The trade deficit widened to $15.2 billion during the month, from $14.8 billion in January.Earlier last month, the Central Statistical Organisation (CSO) had estimated that the Indian economy would grow at a slower pace of 6.9 per cent this fiscal, as against 8.4 per cent in 2010-11.

The overall slow growth of IIP at 4 per cent during the April-January period, may prompt the Reserve Bank to cut short term lending and borrowing rates in the mid-quarterly review of the monetary policy on Thursday (rpt) Thursday, especially in view of easing inflation, experts said.

Industry officials have blamed the slowdown in growth to the high interest rate regime that has made borrowings costly and curbed consumer spending.

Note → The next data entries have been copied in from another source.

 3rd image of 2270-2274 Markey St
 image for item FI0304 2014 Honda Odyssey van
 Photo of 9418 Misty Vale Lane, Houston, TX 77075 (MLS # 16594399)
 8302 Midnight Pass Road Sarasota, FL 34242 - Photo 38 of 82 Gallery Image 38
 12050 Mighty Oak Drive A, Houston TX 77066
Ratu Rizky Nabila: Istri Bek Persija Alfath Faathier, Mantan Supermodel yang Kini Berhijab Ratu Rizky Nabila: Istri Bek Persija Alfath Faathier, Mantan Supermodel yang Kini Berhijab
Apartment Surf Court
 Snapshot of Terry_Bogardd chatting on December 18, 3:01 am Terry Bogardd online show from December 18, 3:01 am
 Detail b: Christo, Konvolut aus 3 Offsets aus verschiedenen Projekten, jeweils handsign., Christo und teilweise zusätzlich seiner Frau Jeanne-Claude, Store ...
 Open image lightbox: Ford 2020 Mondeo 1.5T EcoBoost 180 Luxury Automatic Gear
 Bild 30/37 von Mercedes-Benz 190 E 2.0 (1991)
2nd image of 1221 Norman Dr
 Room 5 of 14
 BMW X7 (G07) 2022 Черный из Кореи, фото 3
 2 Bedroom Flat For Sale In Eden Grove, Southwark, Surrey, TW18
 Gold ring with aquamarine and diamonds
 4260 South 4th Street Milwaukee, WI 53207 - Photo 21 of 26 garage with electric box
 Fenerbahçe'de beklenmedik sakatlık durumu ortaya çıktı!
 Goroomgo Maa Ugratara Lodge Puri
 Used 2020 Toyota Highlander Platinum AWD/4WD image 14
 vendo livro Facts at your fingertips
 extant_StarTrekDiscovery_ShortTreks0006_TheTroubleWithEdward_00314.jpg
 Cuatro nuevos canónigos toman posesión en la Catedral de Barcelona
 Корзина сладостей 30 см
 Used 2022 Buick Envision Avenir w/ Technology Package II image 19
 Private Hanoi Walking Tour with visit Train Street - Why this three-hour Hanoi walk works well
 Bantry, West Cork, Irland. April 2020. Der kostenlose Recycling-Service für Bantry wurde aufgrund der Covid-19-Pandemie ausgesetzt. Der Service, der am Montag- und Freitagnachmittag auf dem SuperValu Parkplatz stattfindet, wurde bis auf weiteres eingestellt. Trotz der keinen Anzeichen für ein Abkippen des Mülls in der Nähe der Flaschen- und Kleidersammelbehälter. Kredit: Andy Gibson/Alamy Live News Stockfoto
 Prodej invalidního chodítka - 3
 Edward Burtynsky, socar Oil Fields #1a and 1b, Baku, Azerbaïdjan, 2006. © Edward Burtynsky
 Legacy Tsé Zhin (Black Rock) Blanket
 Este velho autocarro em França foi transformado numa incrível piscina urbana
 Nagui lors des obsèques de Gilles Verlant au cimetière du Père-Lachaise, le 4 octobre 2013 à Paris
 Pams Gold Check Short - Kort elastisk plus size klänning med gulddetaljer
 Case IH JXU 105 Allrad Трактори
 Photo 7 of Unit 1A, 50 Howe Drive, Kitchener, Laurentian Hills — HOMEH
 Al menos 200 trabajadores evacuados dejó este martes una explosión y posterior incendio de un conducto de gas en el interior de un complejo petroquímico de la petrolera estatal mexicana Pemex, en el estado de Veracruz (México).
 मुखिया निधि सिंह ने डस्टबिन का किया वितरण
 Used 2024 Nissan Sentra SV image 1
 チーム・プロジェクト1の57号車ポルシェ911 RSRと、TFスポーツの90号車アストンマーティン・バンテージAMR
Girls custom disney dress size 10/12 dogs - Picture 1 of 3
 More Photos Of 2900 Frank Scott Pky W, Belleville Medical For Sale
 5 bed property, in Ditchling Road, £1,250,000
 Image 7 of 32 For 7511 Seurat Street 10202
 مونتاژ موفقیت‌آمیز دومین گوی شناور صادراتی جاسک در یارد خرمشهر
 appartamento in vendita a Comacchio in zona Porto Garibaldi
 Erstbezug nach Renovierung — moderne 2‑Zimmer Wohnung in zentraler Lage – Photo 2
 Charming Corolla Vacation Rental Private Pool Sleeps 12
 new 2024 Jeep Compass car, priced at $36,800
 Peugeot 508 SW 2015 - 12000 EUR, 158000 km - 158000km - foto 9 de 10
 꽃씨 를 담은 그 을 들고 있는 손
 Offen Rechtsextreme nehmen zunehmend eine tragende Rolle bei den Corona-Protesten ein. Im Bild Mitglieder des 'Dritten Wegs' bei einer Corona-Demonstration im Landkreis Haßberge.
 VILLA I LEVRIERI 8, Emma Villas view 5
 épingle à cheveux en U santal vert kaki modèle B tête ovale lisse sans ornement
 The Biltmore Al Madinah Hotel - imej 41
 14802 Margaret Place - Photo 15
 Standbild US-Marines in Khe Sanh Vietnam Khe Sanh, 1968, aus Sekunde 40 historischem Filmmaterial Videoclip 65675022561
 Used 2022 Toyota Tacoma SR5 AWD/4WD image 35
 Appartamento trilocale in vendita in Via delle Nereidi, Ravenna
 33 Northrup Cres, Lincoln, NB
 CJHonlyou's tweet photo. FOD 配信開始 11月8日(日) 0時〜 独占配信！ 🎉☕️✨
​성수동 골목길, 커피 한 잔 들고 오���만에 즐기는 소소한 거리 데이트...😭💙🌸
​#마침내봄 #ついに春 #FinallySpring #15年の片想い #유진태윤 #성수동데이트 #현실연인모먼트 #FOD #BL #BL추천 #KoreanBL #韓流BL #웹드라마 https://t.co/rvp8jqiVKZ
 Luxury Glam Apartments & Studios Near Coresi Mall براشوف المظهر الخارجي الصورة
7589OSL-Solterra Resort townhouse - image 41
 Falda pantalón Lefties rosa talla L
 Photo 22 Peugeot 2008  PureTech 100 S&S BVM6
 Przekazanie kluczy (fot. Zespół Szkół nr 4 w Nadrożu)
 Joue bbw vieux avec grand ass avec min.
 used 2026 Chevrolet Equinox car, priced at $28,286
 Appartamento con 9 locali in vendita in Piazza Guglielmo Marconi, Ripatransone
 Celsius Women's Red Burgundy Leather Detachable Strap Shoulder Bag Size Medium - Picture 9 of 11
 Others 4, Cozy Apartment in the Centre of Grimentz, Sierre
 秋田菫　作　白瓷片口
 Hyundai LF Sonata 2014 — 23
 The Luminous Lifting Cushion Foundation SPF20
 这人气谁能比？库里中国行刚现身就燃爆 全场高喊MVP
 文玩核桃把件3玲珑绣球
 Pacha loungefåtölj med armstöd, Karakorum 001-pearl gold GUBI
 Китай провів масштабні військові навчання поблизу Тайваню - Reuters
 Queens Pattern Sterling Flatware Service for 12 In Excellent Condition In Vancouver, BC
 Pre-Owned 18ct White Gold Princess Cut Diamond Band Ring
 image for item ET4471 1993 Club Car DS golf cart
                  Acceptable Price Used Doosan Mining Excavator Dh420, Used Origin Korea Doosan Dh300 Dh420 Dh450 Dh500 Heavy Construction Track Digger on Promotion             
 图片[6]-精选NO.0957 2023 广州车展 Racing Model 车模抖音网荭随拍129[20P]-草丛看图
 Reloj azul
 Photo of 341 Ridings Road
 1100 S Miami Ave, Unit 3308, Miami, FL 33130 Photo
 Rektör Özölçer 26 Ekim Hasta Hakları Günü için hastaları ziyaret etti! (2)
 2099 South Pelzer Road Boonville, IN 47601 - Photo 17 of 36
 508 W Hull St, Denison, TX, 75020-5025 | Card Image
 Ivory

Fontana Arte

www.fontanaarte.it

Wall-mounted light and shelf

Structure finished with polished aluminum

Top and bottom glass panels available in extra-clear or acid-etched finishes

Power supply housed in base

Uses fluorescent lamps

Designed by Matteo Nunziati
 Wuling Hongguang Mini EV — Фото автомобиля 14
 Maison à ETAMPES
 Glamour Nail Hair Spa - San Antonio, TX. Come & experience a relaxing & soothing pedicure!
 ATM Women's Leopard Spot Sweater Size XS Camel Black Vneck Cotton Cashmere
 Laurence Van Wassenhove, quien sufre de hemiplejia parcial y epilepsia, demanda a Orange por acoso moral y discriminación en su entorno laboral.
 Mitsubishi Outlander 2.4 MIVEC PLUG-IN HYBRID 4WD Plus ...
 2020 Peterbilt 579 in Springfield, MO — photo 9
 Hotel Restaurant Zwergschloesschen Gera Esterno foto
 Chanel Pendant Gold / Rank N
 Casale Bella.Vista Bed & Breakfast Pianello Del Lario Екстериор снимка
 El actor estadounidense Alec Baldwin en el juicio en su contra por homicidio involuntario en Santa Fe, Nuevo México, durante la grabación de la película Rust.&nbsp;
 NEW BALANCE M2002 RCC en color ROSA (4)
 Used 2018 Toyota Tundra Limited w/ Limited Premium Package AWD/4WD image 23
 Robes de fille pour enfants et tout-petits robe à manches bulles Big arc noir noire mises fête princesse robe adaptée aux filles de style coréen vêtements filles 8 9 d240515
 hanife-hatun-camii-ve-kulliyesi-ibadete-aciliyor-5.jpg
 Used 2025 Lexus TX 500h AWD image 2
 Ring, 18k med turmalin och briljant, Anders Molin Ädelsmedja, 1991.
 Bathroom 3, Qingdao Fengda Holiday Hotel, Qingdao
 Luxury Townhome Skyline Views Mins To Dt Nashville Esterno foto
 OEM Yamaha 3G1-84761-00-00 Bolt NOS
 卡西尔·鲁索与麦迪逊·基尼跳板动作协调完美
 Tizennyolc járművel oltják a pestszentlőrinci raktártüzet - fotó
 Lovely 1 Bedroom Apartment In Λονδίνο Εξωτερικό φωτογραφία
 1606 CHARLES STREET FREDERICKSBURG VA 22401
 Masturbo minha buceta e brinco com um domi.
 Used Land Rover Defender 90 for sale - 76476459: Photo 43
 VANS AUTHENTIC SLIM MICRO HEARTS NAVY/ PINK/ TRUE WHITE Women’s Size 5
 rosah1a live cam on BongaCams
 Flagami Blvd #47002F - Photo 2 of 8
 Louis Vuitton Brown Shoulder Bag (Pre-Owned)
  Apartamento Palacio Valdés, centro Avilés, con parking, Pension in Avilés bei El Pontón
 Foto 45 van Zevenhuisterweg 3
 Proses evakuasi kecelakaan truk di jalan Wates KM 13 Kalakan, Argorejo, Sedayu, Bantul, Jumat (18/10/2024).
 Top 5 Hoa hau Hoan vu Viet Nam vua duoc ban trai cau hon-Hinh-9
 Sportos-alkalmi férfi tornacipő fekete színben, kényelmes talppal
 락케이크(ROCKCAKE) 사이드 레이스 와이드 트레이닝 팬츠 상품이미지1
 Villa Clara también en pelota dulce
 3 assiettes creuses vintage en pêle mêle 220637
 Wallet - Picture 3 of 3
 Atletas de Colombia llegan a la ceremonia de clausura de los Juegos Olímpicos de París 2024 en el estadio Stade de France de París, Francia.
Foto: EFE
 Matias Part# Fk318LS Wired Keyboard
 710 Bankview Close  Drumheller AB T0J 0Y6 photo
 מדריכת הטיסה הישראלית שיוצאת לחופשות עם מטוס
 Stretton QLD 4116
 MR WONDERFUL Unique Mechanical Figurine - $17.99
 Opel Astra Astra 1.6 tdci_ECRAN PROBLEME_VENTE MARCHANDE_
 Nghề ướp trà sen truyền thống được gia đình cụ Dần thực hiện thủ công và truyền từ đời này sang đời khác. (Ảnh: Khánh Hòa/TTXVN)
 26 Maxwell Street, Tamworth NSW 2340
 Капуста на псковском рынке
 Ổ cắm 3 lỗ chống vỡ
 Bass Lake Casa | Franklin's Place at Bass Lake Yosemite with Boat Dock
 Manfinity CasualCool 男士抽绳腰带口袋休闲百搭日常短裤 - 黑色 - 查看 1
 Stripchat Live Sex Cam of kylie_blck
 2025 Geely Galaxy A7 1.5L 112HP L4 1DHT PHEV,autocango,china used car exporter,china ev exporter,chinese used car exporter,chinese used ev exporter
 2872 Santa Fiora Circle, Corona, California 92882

Prime Minister's economic advisory panel chief C Rangarajan has said that the policy rate cuts by RBI would depend on inflation movement.

Overall inflation has started showing sign of cooling off as cheaper food items pulled it down to a 26-month low of 6.55 per cent in January.

The apex bank in a surprise move had slashed Cash Reserve Ratio (CRR) from 5.5 per cent to 4.75 per cent on Friday, to infuse Rs 48,000 crore to ease the liquidity crunch in the financial system.

RBI had last reduced CRR by 0.5 percentage point on January 24 as well, injecting Rs 32,000 crore into the system.